The conspiracy charge involves Rick Ross, an interventionist and writer dealing with groups that have been called cults or cultlike, as well as Morris and Rochelle Sutton. According to Ross, the Suttons hired Ross in 2002 to attempt to persuade their son Michael Sutton to leave NXIVM. The lawsuit claims that Ross, the Suttons, and Metroland conspired to republish false information.
According to Hardin, Ross is a source but he has never met him in person. In reference to the Suttons, Hardin said, "I've never spoken to them." Leon said that he has also never spoken to Ross or the Suttons.
A similar lawsuit was filed against Ross, the Suttons, and Lollytogs (the apparel company owned by the Suttons) on March 5, 2009. According to Ross, they also have yet to be served with a lawsuit.

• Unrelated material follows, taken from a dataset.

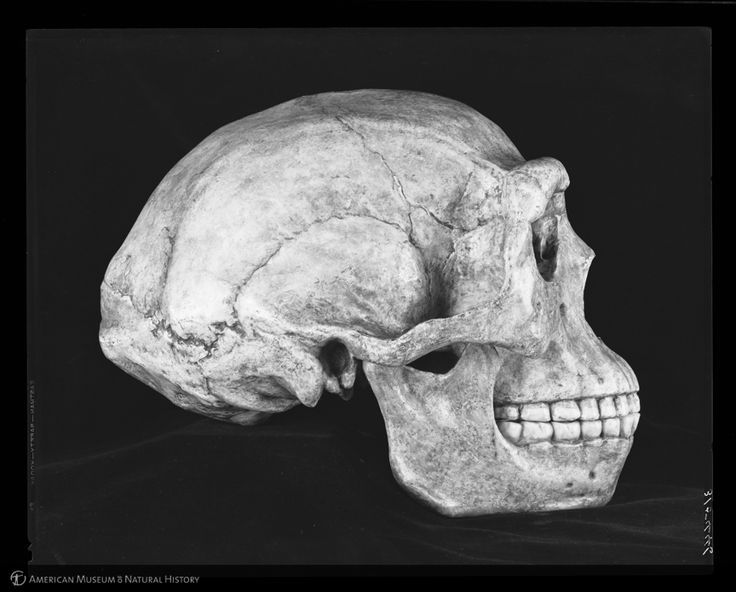 Sinanthropus pekinensis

"It's a virtually identical lawsuit," Ross said. "I assume, and my lawyers assume, that the reason for filing is to maintain the ability to pursue a claim over an article that the statute of limitations was about to expire on." The lawsuit against Metroland was filed one day before the statute of limitations for defamation would have expired.
"It's kind of like they're parking and reserving their right," Ross said.
Ross also defended his statement in the article over which Metroland is being sued.
"I recall that that was part of some kind of an agreement," Ross said. "Raniere may be splitting hairs."
Hardin was notified of the lawsuit by a blogger.
"Ben Arnold, the blogger at (dis)Utopia [of Saratoga Springs], e-mailed me on March 27 and asked for a comment on NXIVM's latest suit," Hardin said.
Past coverage of NXIVM in Metroland includes the previously mentioned article, as well as a small blurb in the 2007 Year in Review issue, and a feature by Hardin titled "Stress in the Family" published in August 2006 that included information from previous members of NXIVM/ESP. Hardin also made blog posts about NXIVM and the inaugural event of the World Ethical Foundations Consortium, conceptually founded by Raniere, featuring the Dalai Lama.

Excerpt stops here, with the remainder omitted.